RECORDS SHOWN:
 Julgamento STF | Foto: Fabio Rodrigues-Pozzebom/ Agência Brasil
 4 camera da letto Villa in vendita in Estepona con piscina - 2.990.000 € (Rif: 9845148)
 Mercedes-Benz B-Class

* * *

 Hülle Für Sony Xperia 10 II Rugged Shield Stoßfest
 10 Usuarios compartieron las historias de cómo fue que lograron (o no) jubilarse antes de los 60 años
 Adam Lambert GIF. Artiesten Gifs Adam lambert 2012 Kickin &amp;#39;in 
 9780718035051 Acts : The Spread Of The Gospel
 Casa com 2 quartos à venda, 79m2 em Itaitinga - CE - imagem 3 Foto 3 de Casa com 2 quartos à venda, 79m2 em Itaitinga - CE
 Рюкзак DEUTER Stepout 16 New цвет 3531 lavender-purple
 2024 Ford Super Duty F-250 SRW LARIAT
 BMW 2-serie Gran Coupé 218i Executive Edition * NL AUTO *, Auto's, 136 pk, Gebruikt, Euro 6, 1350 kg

--

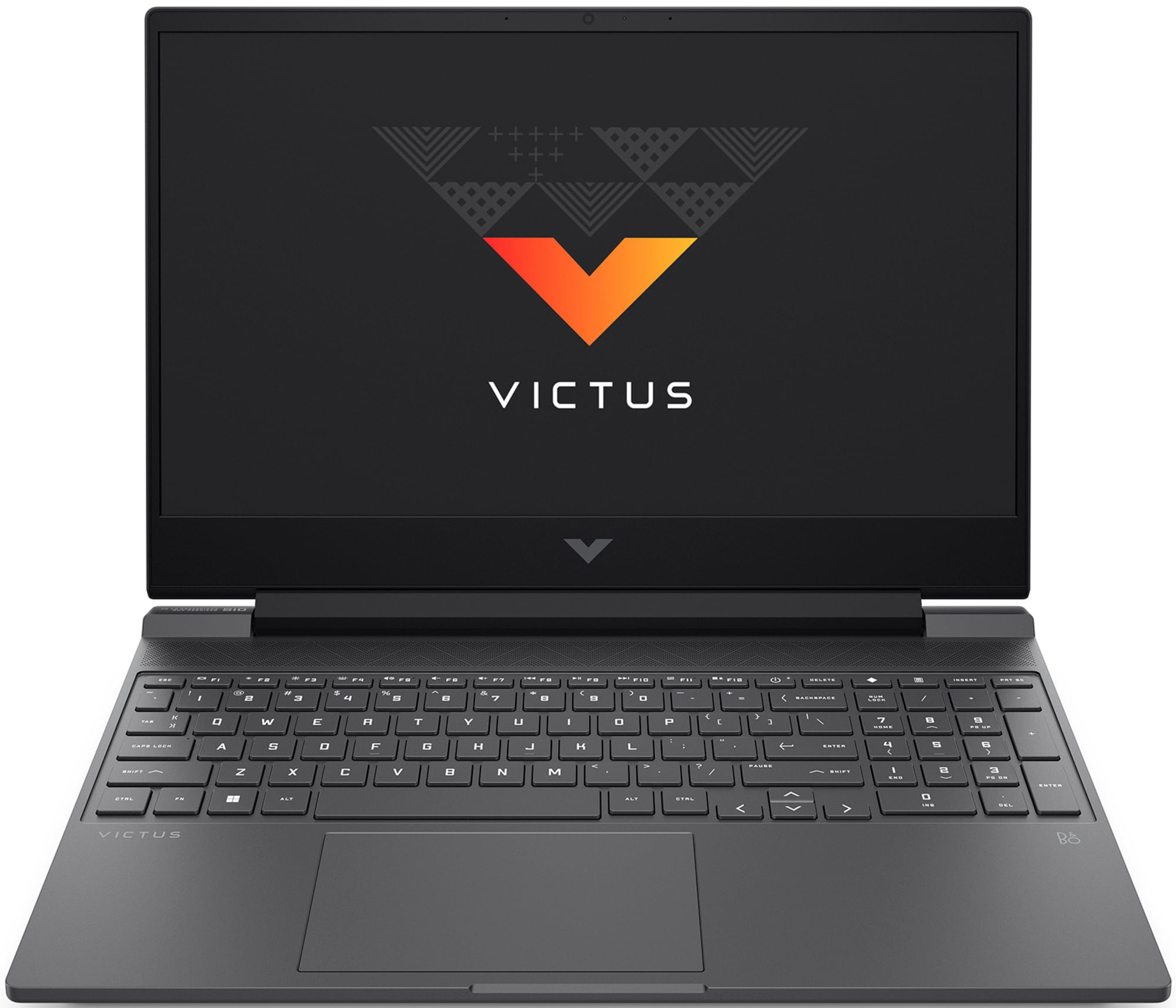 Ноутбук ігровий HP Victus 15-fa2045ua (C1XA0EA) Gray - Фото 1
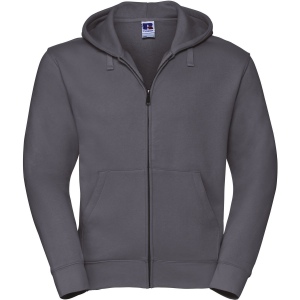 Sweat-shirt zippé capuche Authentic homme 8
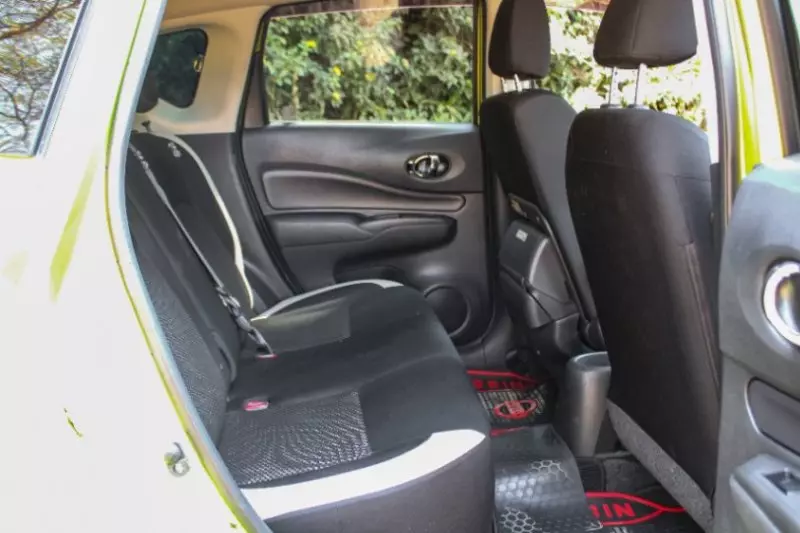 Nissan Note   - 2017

ABOUT THIS TASK: Throughout the records above, find the lines in which the word "Foto" appears and return them.

TASK ANSWER:
 Julgamento STF | Foto: Fabio Rodrigues-Pozzebom/ Agência Brasil
 Casa com 2 quartos à venda, 79m2 em Itaitinga - CE - imagem 3 Foto 3 de Casa com 2 quartos à venda, 79m2 em Itaitinga - CE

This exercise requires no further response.